I enjoyed the night dives we did, but it is weird, and undeniably panic-threatening at first, to go diving in the dark. In water where you can normally sit at 25 metres down and still see the boat on the surface, it's odd to be at five metres, right under the boat, and only be able to see the bit of sand you're pointing your torch at, and a vague outline loom of the boat against the moonlight. There was absolutely nothing threatening in the sandy lagoons we did the night dives in - not even that much of interest, really, with only the small coral pinnacles the boat was moored to as focal points, but it still takes a couple of goes to break the dark = scary thing. There was no chance of getting actually lost, no current and as soon as you surface the boat is a blindingly obvious brightly lit thing, but underwater it was navigation by compass or rope-following, which then feels like you must be able to get lost. Sleeping fish are kind of spooky, too. On one dive there were loads of them lying in stacks together on the coral, half on their sides, looking basically dead until you shine a torch on them and they do the equivalent of squinting accusingly at you from under the blankets. The lionfish were fun, though; they will follow your torch beam around and use the light for hunting.
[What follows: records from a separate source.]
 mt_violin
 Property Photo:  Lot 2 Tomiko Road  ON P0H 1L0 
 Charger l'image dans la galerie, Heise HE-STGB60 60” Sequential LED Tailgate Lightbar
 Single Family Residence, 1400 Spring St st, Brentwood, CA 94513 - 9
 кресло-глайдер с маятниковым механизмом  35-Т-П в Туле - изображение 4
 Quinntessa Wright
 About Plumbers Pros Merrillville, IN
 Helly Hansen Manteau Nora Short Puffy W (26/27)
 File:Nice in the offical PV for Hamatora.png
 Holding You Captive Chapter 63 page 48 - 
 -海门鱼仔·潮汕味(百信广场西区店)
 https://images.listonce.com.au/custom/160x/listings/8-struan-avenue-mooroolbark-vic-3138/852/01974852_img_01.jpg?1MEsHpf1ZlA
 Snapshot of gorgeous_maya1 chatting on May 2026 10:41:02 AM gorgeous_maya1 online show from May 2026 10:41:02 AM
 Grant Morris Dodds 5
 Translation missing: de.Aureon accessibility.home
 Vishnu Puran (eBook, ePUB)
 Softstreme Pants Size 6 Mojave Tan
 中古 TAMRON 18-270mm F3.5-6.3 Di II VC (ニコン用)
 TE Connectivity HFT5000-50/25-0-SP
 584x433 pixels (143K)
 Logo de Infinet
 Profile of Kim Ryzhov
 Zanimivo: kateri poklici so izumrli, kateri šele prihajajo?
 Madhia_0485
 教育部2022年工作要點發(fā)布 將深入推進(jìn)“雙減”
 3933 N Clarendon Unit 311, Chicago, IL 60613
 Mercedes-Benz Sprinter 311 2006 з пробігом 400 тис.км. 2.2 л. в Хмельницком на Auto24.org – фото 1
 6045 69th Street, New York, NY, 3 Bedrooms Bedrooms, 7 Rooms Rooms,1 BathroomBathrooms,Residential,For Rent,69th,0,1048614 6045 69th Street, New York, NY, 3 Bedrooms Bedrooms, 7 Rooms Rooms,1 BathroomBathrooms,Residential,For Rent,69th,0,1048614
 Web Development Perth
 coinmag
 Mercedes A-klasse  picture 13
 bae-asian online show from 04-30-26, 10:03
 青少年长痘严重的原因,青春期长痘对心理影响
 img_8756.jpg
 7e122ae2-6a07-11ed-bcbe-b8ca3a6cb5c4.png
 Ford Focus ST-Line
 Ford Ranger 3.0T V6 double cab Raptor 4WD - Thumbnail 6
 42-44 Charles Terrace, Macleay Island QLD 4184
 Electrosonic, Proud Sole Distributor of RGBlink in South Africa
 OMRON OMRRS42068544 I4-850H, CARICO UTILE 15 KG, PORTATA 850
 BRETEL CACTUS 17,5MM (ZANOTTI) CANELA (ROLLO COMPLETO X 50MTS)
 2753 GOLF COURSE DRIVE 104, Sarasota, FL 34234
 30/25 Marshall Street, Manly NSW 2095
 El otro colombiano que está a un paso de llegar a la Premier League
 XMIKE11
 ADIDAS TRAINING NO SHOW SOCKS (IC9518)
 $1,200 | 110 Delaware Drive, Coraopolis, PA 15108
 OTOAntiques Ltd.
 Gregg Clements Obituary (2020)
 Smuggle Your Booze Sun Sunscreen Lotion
If you shine your torch at some unsuspecting small fish, you get to see them pounce. And the starry pufferfish, huge things that look like the body of a cargo helicopter sculling gently around, never seemed to be asleep, or wary of people at all. 

Definitely my kind of holiday. Some periods of sitting around in the sun, or in the dark drinking beer, interspersed with looking at cool stuff. On the last day we couldn't dive (you need to get rid of any excess nitrogen in your system before going on a lower-than-atmospheric-pressure plane) and there was bugger all to do in Shark's Bay itself other than sit in the sun and do nothing. We tried to go for a walk, ran into a dead end, an all-inclusive resort that wouldn't let us walk along their beach and a pavement-less, featureless road inland, and were back on the beach with nothing to do within twenty minutes. Even packing up dive gear is more interesting than watching rotund tourists attempt to singe themselves. 

Date: 2010-02-03 12:04 pm (UTC)
From: [identity profile] steer.livejournal.com
I sort of want to dive the Thistlegorm but I like my diving to be an uncrowded and tranquil feeling. I get the impression that the Thistlegorm is like Picadilly circus. Glad you had a chilled visit though.

I love being able to identify fish. We had one of the seasearch guys come talk to our club on Monday and we're thinking of organising that course for later in the year so we know what we're staring at underwater.

Do you know there are dozens of species of parrotfish and they're nearly impossible to identify individuals. In the wreck I suspect they're eating the young coral that are starting to turn the thistlegorm into a reef.